***** Data *****

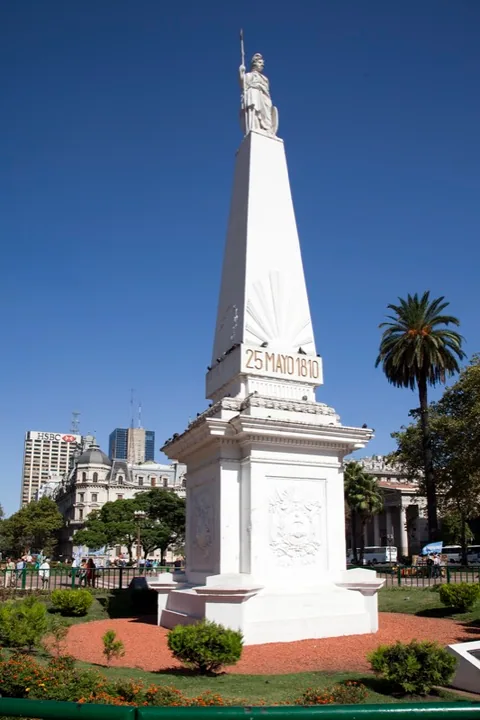 Pyramide de Mai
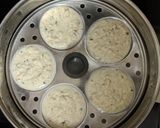 A picture of step 5 of Instant Rava Idli.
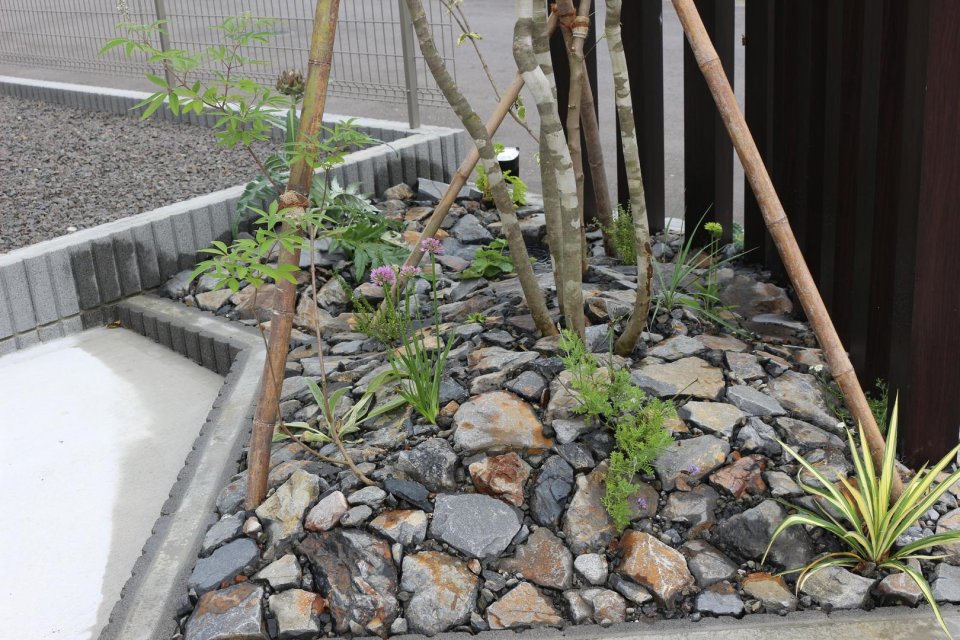 ガーデンレモ 庭吉(Garden Remo Niwayoshi) | 福島市・外構・庭・ガーデニング・造園・にわよし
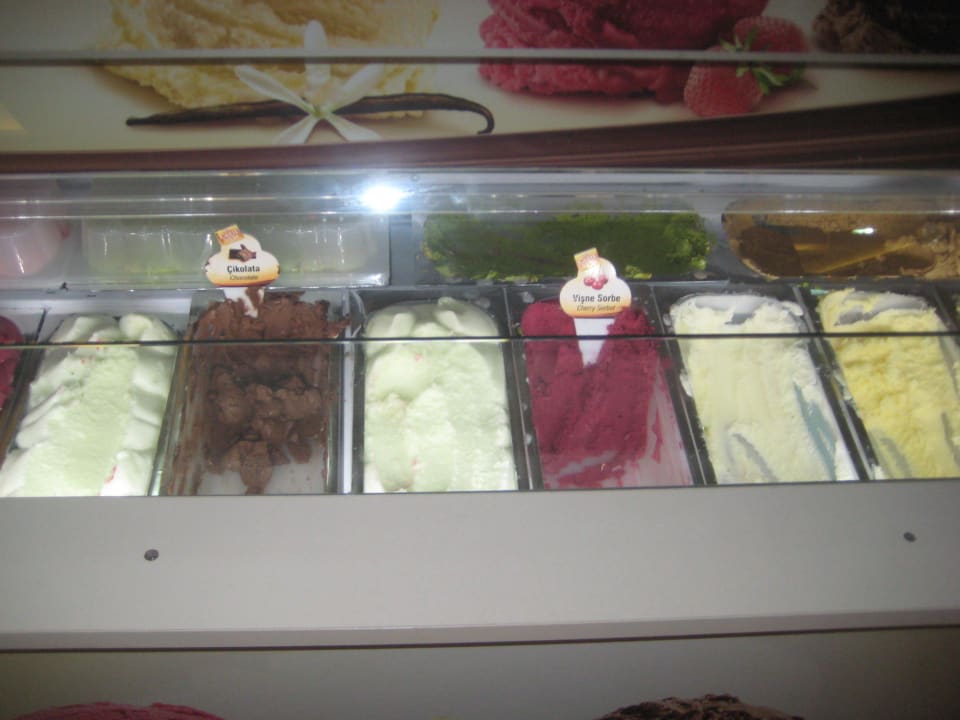 Leckeres Eis in der Patisserie Adalya Ocean Deluxe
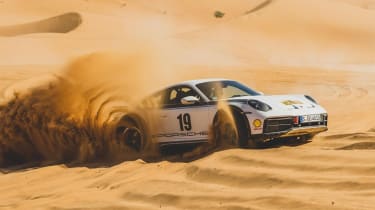 Porsche 911 Dakar - front action
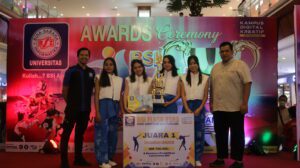 SMKN 5 Pontianak Raih Juara 1 Modern Dance Competition BSI Flash 2023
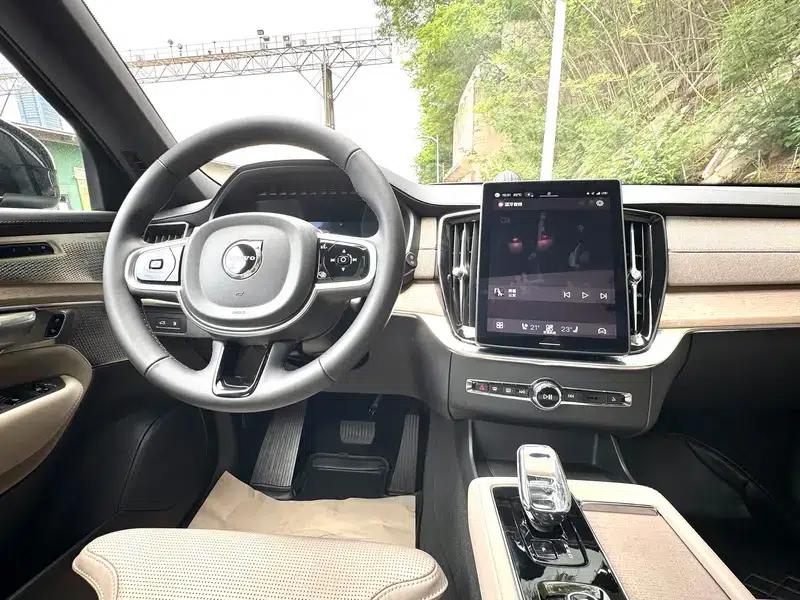 Volvo XC90 PHEV 2025 Facelift E-Drive Hybrid T8 Long Range Premium Luxury Edition 7-Seater — миниатюра 7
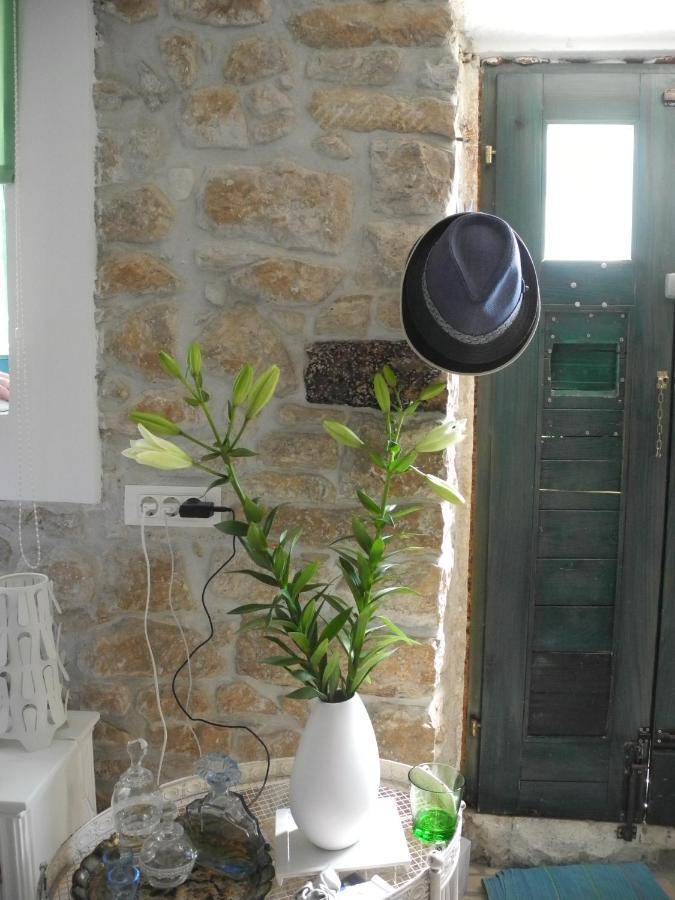 Steinhaus Mit Terrasse Lägenhet Rovinj Exteriör bild
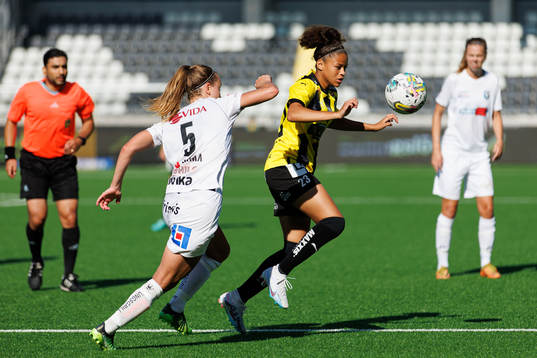 Växjö DFFs Amanda Altheden och Häckens Felicia Schröder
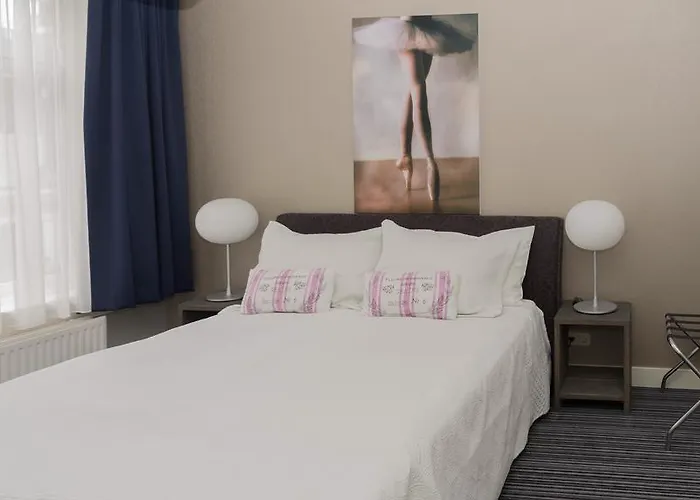 Bed & Breakfast House No 7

*****

▸ Exercise
Return only the lines that start at the line containing "A picture of step 5 of Instant Rava Idli." and finish at the last line of the entries, exactly as written and without pictures.

▸ Written response
 A picture of step 5 of Instant Rava Idli.
 ガーデンレモ 庭吉(Garden Remo Niwayoshi) | 福島市・外構・庭・ガーデニング・造園・にわよし
 Leckeres Eis in der Patisserie Adalya Ocean Deluxe
 Porsche 911 Dakar - front action
 SMKN 5 Pontianak Raih Juara 1 Modern Dance Competition BSI Flash 2023
 Volvo XC90 PHEV 2025 Facelift E-Drive Hybrid T8 Long Range Premium Luxury Edition 7-Seater — миниатюра 7
 Steinhaus Mit Terrasse Lägenhet Rovinj Exteriör bild
 Växjö DFFs Amanda Altheden och Häckens Felicia Schröder
 Bed & Breakfast House No 7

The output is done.